Dava konusu edilen ikinci hasar 13.10.2005 tarihli gaz kaçağı ihbarı üzerine Sivas-Malatya O.S.B. hattında meydana gelen hasardır. Davacı ile davalı yüklenici … … A.Ş. arasında Sivas-Malatya Doğal Gaz İletim Hattı Projesinin bitirilmemiş ve 26.05.2006 itibar tarihli Kısmi Geçici Kabule dahil olmayan 24″lük Malatya branşman hattının da dahil olduğu projenin tümüne ilişkin 29.08.2005 itibar tarihli Geçici Kabul Tutanağı düzenlenmiş, tutanağın eksiklikler giderilene kadar All-Risk sigorta sorumluluğunun yüklenici firmada olduğu karar altına alınarak imzalanmıştır.

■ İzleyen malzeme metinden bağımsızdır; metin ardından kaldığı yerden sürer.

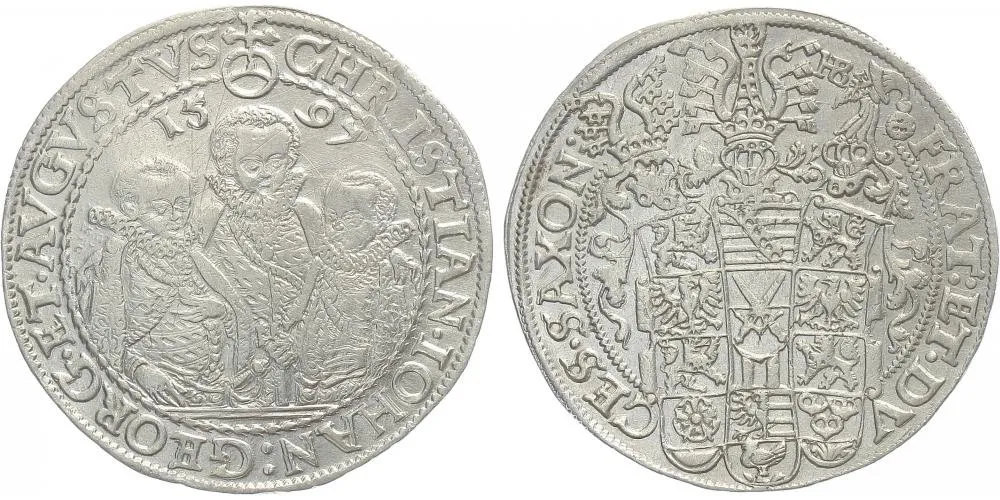 Sasko, Christian II., Johann Georg I. a August, 1591 - 1611 — 1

Daha sonra davacı tarafça söz konusu boru hattının da da sigorta kapsamına alınması davalı sigorta şirketinden talep edilmiş, davalı sigorta şirketi tarafından 20.12.2005 tarihli zeyilname ile sigortanın başlangıcı 24.11.2005 tarihi olarak kabul edilip, bahse konu boru hattının sigorta poliçesi kapsamına alınmıştır.
Dava konusu edilen 13.10.2005 tarihli ikinci hasar ile ilgili olarak aynı tarihte davalı sigorta şirketine ihbarda bulunulmuş olup, sigorta şirketince ikinci gaz kaçağının zeyilname ile sigorta başlangıcı olarak kabul edilen 24.11.2005 tarihinden önce başladığı ve bu nedenle teminat kapsamı dışında olduğu gerekçesiyle davacının hasar talepleri reddedilmiştir.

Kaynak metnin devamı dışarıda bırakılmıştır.